# Palestine/Gaza-solidarity



## spoorprint (Dec 30, 2008)

Israel is launching a long term bombing campaign and possible invasion of Gaza. 


Lots of demonstrations today-check the ANSWER web site.
Pittsburgh demonstration is Wednesday night (Dec.31) at the Federal building 4-6pm.
Called by Pax Chrisiti


----------



## maus (Dec 30, 2008)

answer is a front for the workers world party who are hard line authoritarian marxists. fuck that shit, the enemy of my enemy is not necessarily my friend.


----------



## IBRRHOBO (Dec 30, 2008)

i suppose that hamas lobbing bombs randomly and sending suicide bombers instead of fighting a war wouldn't be grounds for sending the gaza back into the 5th century. my views aside, maus has it right, before one jumps on the bandwagon (unless of course one is a red and if so so be it) one might research the who, what, when, where and why of a cause.

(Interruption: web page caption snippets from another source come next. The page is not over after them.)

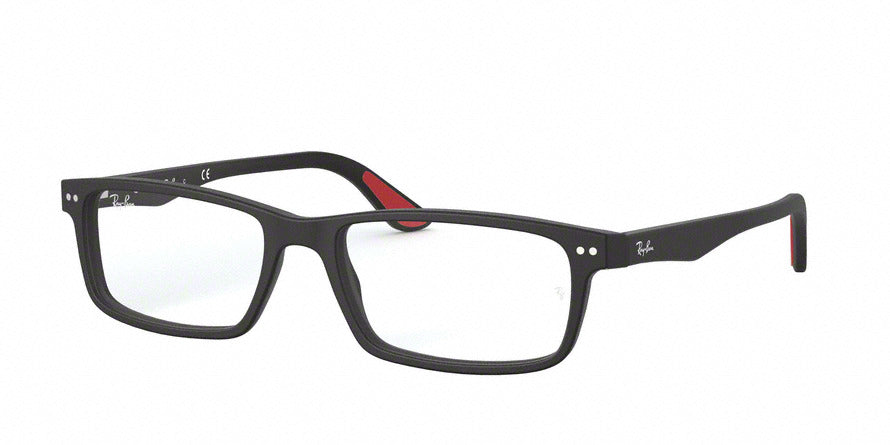 Ray-Ban Optical RX5277 Rectangle Eyeglasses  2077-SAND BLACK 54-17-140 - Color Map black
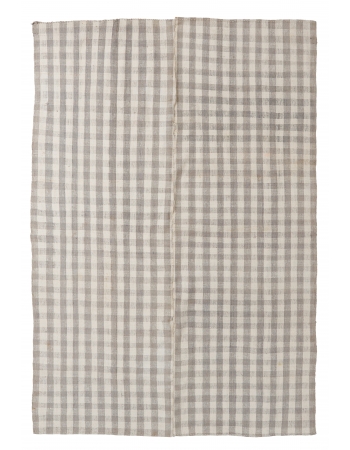 Vintage Modern Turkish Kilim Rug - 6`1″ x 8`8″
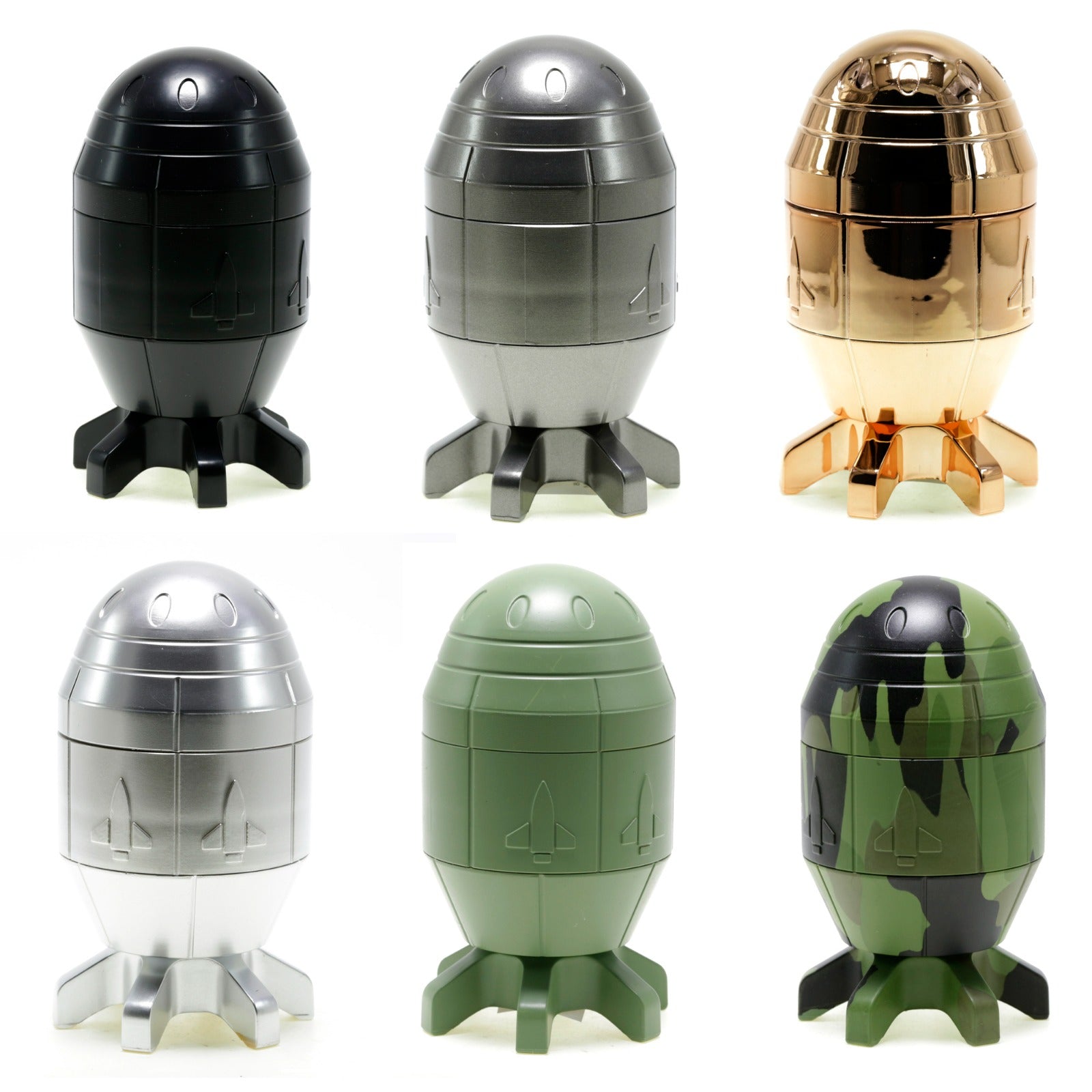 SINGLE Large Rocket Herb Grinder Assorted Colours x 1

WTC was a good, unifed cause w/multiple actors ... red fronts have a VERY bad habit of doing what Lenin/Stalin did to the anarchists.


----------



## maus (Dec 31, 2008)

i dont really understand your first sentence, do you really think the activity of hamas is grounds for the destruction, starvation and abuse being visited on the people who live in gaza?? i certainly hope not... i dont support answer, hamas, israel or any other state (or wanna-be state)


----------



## IBRRHOBO (Dec 31, 2008)

don't really think either of 'em have the 'grounds' for war ... that's just the deal of nation-states playing a game of chess w/human pawns. what i was driving @ is one should research: whether it's a) 'gee, i think israel is god's people' and thus back israel --- this would be erroneous as this conflict is a socio-political war which deals w/property; b) 'i support hamas because they are alah's people' --- this, thoo, would be erroneous in addressing point 'a'; or c) i'm gonna goto the answer rally cause it's furthering my belief that the communistas will walk hand-in-hand w/my cause (in this look no further than a. solshenitzin's a day in the life of ivan desinovitch). i support no one or cause other than that of survival ... not touchy-feely good survival, but survival in and of itself.


----------



## Scarecrow (Dec 31, 2008)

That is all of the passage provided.